Depois de ter ouvido todos os testemunhos, visto as provas documentais apresentadas pelas partes, diante da negativa da parte acusada de fazer um acordo, o juiz demorou alguns momentos confabulando com o assistente. Determinou ao escrivão a redação da sentença, o que foi feito rapidamente. A máquina de datilografia matraqueava violentamente, enquanto as palavras ditadas em voz baixa pelo magistrado iam sendo registradas no papel. Terminada a redação, feita em três vias, sendo a primeira para ficar anexa ao processo e as outras duas seriam entregues aos querelantes. Assinadas as vias o juiz determinou ao seu assistente a leitura da sentença que dizia, depois de uma introdução identificando os envolvidos, resumindo a queixa:
- Diante de tudo isso, eu, Dr. Osmar Dias Ferreira, Juiz desta comarca condeno o Sr. Jerônimo da Luz a pagar, a título de indenização por danos causados à propriedade de Onofre Pires, a quantia de Cem mil Cruzeiros. Igualmente deverá, às suas custas exclusivas, contratar um agrimensor credenciado para fazer o levantamento dos limites das duas propriedades. Em se constatando o deslocamento dos limites de seu local original, deverá recolocar a cerca na posição devida, deixando um metro de espaço entre a mesma e a divisa. Outrossim, as custas judiciais deverão ser custeadas pelo Sr. Jerônimo. Ambas as partes tem o direito de recorrer desta sentença no prazo máximo estipulado em lei.
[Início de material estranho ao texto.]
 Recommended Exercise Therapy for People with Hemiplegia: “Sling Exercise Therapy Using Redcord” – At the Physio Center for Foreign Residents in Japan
A sessão está encerrada.

            Quando chegaram a um local afastado convenientemente do gabinete judicial, sentaram-se para conversar. O Cel. Onofre não cabia em si de contentamento. Disse entusiasmado:
            - Quero ver o Jerônimo recorrer. Ele que se meta a besta. A única coisa que vai conseguir é aumentar o tamanho da despesa. O advogado dele deveria aconselhar a ele de não entrar com o recurso.
            - Acho que ele está sujeito a sair do forum direto para a cadeia. Depois de tudo que fez, não duvido um muito. Teremos que esperar para ver o que eles irão fazer. Só podemos tomar qualquer iniciativa depois que eles derem o primeiro passo. Por ora nosso objetivo foi alcançado, - disse o Dr. José Silvério.